アーティストとアルチザン
芸術家と職人。
アーティストとアルチザン。
ものづくりをする人と話していて、
話題がそこに行くことがある。
デザインをする人の仕事場にお邪魔して、お茶などごちそうに
なっていたら、「用の美」の話になった。
彼は芸術家であって職人ではないが、過去のある時点で
ひとりよがりになってはいけない、職人のように無心に、
実用性のあるもの、求められ、喜ばせるものをつくりたい、
という気持ちが芽生えたのだという。
職人のような芸術家がいれば、芸術家のような職人もいる。
パン職人のなかにも、たまにアーティスティックな要素を
持ち合わせる人がいて、伝わりやすい、魅せる力を感じる。
話をして、楽しい。
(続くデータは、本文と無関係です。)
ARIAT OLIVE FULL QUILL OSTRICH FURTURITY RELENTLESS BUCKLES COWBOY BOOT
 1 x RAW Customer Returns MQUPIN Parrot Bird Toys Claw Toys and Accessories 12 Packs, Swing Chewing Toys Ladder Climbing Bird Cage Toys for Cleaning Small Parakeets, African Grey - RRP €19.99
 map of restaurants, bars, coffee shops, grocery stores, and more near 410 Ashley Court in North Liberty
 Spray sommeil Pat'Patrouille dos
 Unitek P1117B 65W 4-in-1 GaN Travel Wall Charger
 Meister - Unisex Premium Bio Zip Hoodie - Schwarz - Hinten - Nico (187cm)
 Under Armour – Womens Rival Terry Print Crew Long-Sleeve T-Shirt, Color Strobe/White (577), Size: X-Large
それは、悪くない。
素材や食感が、形や色が、香りや味がことさら特別でない
パンのおいしさを伝えたい、と先日書いたが、それは
職人の仕事のことだった。
かつて、
作者の銘の入った高価な美術品ではなく、
無名の職人が手がけた伝統の仕事に光をあてた
柳宗悦という人がいた。素晴らしいと思う。
日々繰り返し、その手でつくられていく日常品を、
良いものをつくるのに、多くを語らない職人のことを、
どのような言葉で伝えよう。
無理にではなく、無色透明の媒体となれたら、と思う。
柳宗悦を目指せるわけもないが、パンの仕事に関わる前から
いつも、課題は心のなかにある。